Tahun 1999 itu banyak undang-undang berubah tetapi rohnya tidak berubah. Perubahan itu terjadi setelah masyarakat adat sendiri menggugat pasal 67 Undang-Undang tentang Kehutanan yang menyebutkan, bahwa hutan masyarakat adat itu masuk dalam hutan Negara. Oleh karena itu, masyarakat adat melalui AMAN menggugat ke Mahkamah Konstitusi (MA) RI, lalu Mahkamah Konstitusi memutuskan bahwa hutan masyarakat adat menjadi hak masyarakat adat dan bukan hutan Negara.
Keputusan MA itu menjadi yurisprudensi lalu Presiden RI Susilo Bambang memerintahkan itu dibuat dalam berbagai regulasi supaya hak-hak masyarakat adat itu diakui.
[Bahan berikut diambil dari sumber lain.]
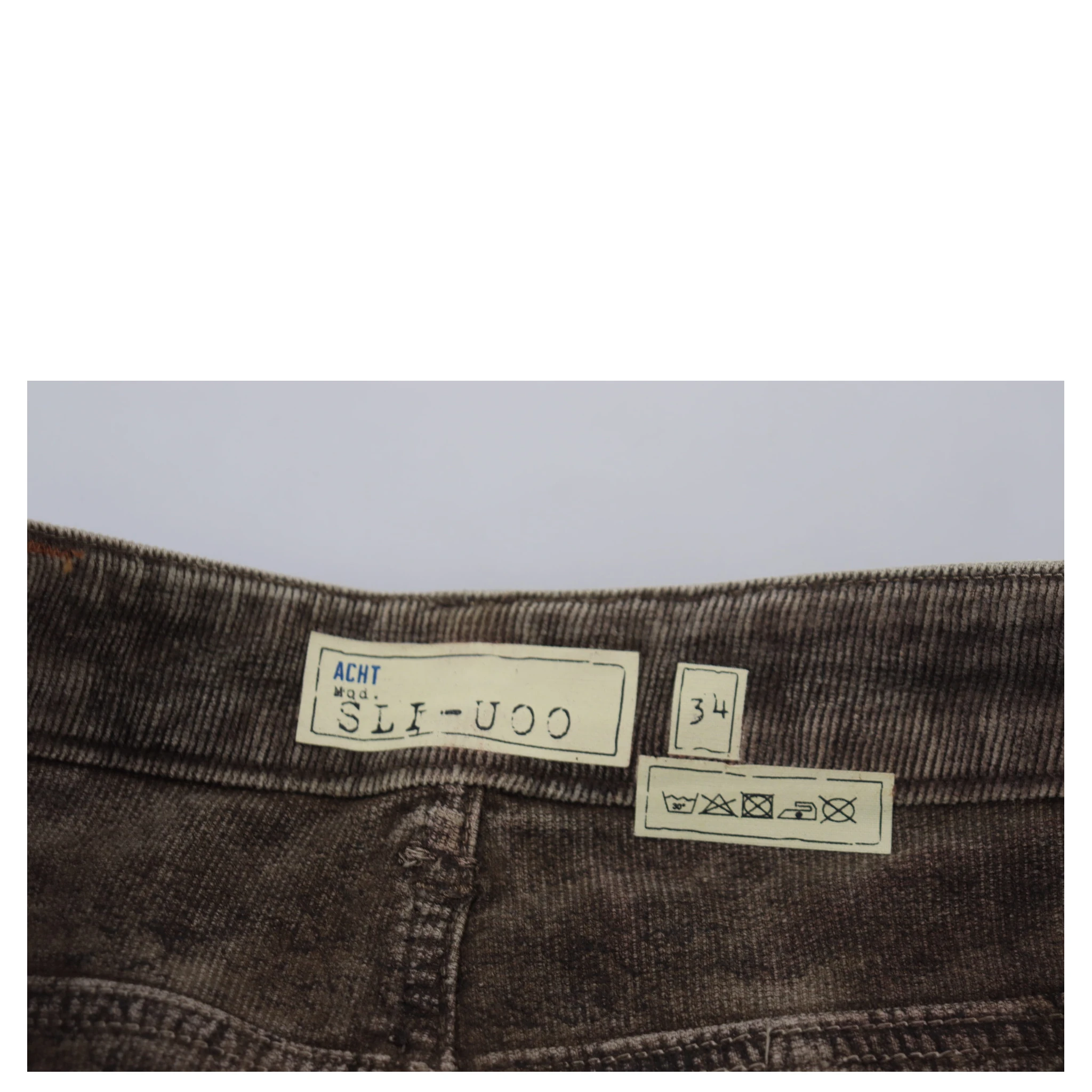 Gray Washed Cotton Corduroy Slim Fit Men Jeans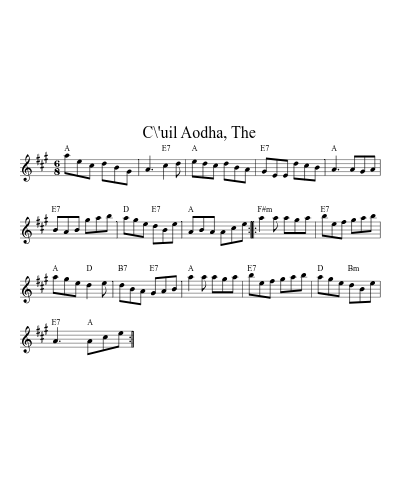 C\'uil Aodha, The sheet music preview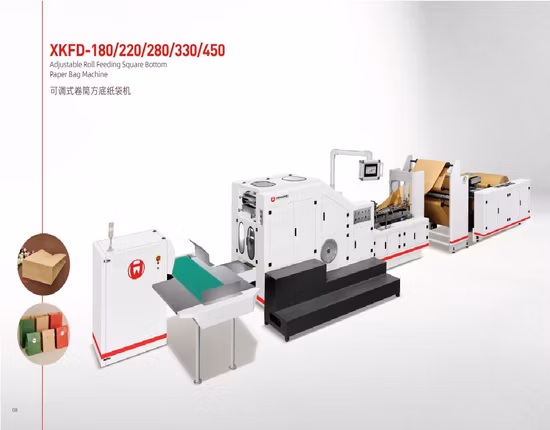 Fully Automatic High Speed Flat Handle and Paper Twisted Handle Switching Kraft Kfc Paper Shopping Gift Food Handbag Bag Making Machine
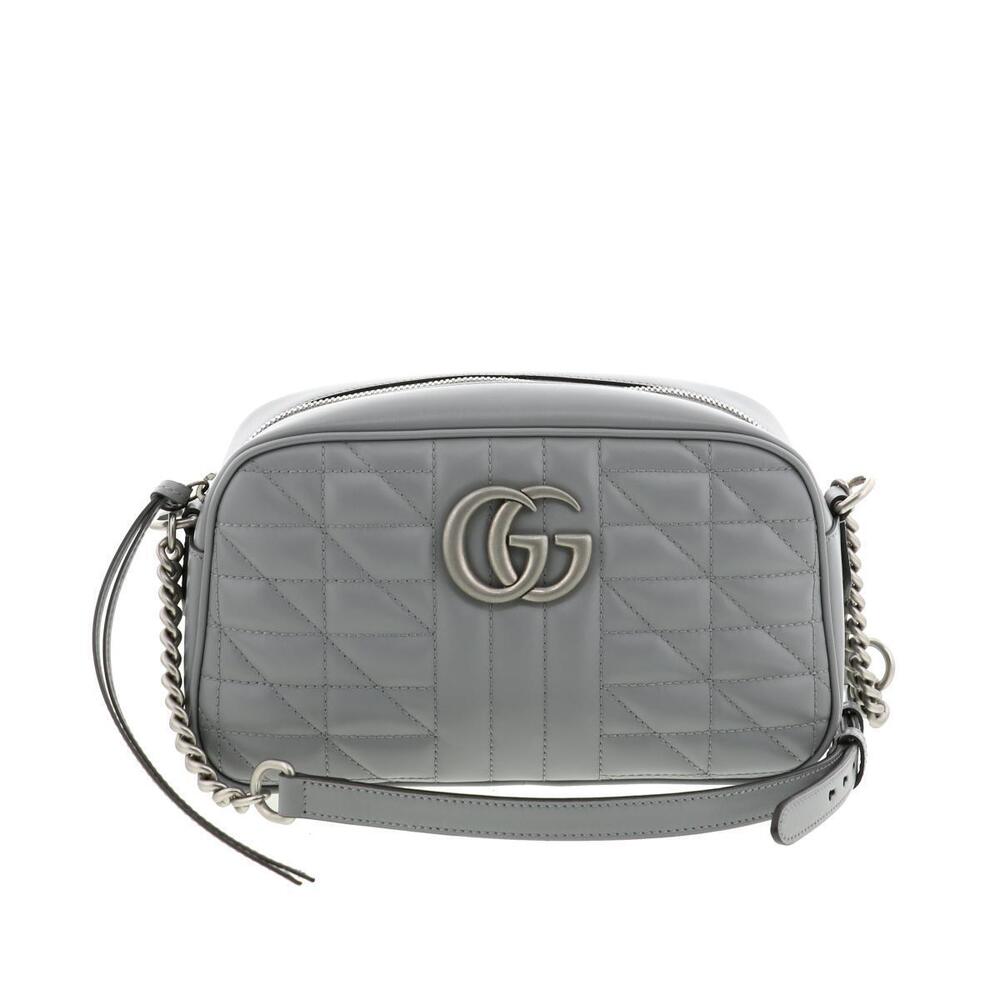 GUCCI GG Marmont Quilted Shoulder Bag Messenger gg marmont Gray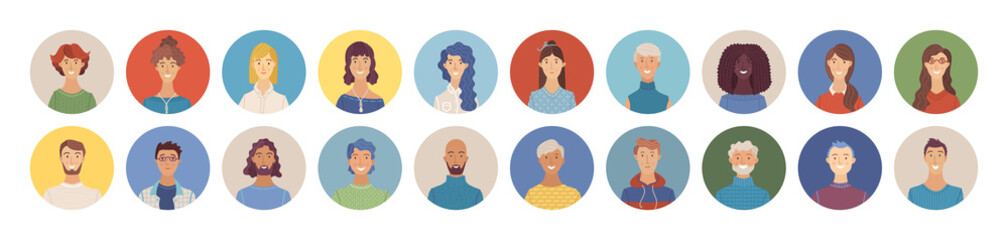 Flat people avatars set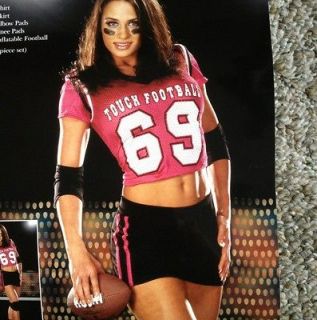 Dreamgirl Football Player Shirt Skirt Superbowl Costume Pink Black M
Di Kabupaten Jayapura langsung direspon oleh Bupati Jayapura Mathius Awoitahuw. Pada masa jabatan periode pertama 2012 – 2017, Mathius Awoitahuw memulai dengan berbagai kebijakan yang berpihak kepada masyarakat.
Masyarakat adat tidak pernah didengar dan tidak pernah disebutkan dalam sejarah penyelenggaraan pemerintahan dan pembangunan di kabupaten Jayapura karena masyarakat adat dianggap tidak pernah ada
“Masyarakat adat itu penting karena mereka ada, sebelum masuknya agama dan pemerintahan. Mereka memiliki struktur kelembagaan, nilai-nilai dan norma-norma kemasyarakatan serta wilayah dan segala isinya. Namun eksitensinya tak pernah diakui negara,” kata Mathius, sang Bupati Jayapura itu.